Showing posts with label Python. Show all posts
Showing posts with label Python. Show all posts

Monday, March 5, 2018

Python and Oracle : Fetching records and setting buffer size

If you used other languages, including Oracle PL/SQL, more than likely you will have experienced having to play buffering the number of records that are returned from a cursor. Typically this is needed when you are processing more than a few hundred records. The default buffering size is relatively small and by increasing the size of the number of records to be buffered can dramatically improve the performance of your code.

As with all things in coding and IT, the phrase "It Depends" applies here and changing the buffering size may not be what you need and my not help you to gain optimal performance for your code.

There are lots and lots of examples of how to test this in PL/SQL and other languages, but what I'm going to show you here in this blog post is to change the buffering size when using Python to process data in an Oracle Database using the Oracle Python library cx_Oracle.
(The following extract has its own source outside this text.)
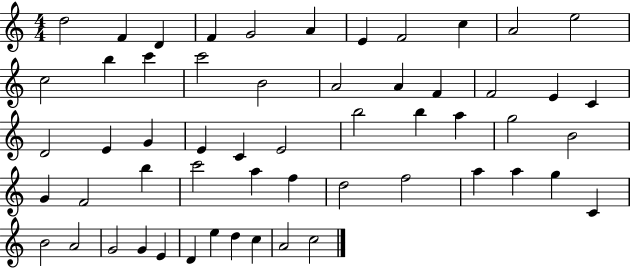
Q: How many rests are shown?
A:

Let us begin with taking the defaults and seeing what happens. In this first scenario the default buffering is used. Here we execute a query and the process the records in a FOR loop (yes these is a row-by-row, slow-by-slow approach.

import time

i = 0
# define a cursor to use with the connection
cur2 = con.cursor()
# execute a query returning the results to the cursor
print("Starting cursor at", time.ctime())
cur2.execute('select * from sh.customers')
print("Finished cursor at", time.ctime())

# for each row returned to the cursor, print the record
print("Starting for loop", time.ctime())
t0 = time.time()
for row in cur2:
    i = i+1
    if (i%10000) == 0:
        print(i,"records processed", time.ctime())

              
t1 = time.time()
print("Finished for loop at", time.ctime())
print("Number of records counted = ", i)

ttime = t1 - t0
print("in ", ttime, "seconds.")

This gives us the following output.

Starting cursor at  10:11:43
Finished cursor at  10:11:43
Starting for loop  10:11:43
10000 records processed  10:11:49
20000 records processed  10:11:54
30000 records processed  10:11:59
40000 records processed  10:12:05
50000 records processed  10:12:09
Finished for loop at  10:12:11 
Number of records counted =  55500
in  28.398550033569336 seconds.

Processing the data this way takes approx. 28 seconds and this corresponds to the buffering of approx 50-75 records at a time. This involves many, many, many round trips to the the database to retrieve this data. This default processing might be fine when our query is only retrieving a small number of records, but as our data set or results set from the query increases so does the time it takes to process the query.

But we have a simple way of reducing the time taken, as the number of records in our results set increases. We can do this by increasing the number of records that are buffered. This can be done by changing the size of the 'arrysize' for the cursor definition. This reduces the number of "roundtrips" made to the database, often reducing networks load and reducing the number of context switches on the database server.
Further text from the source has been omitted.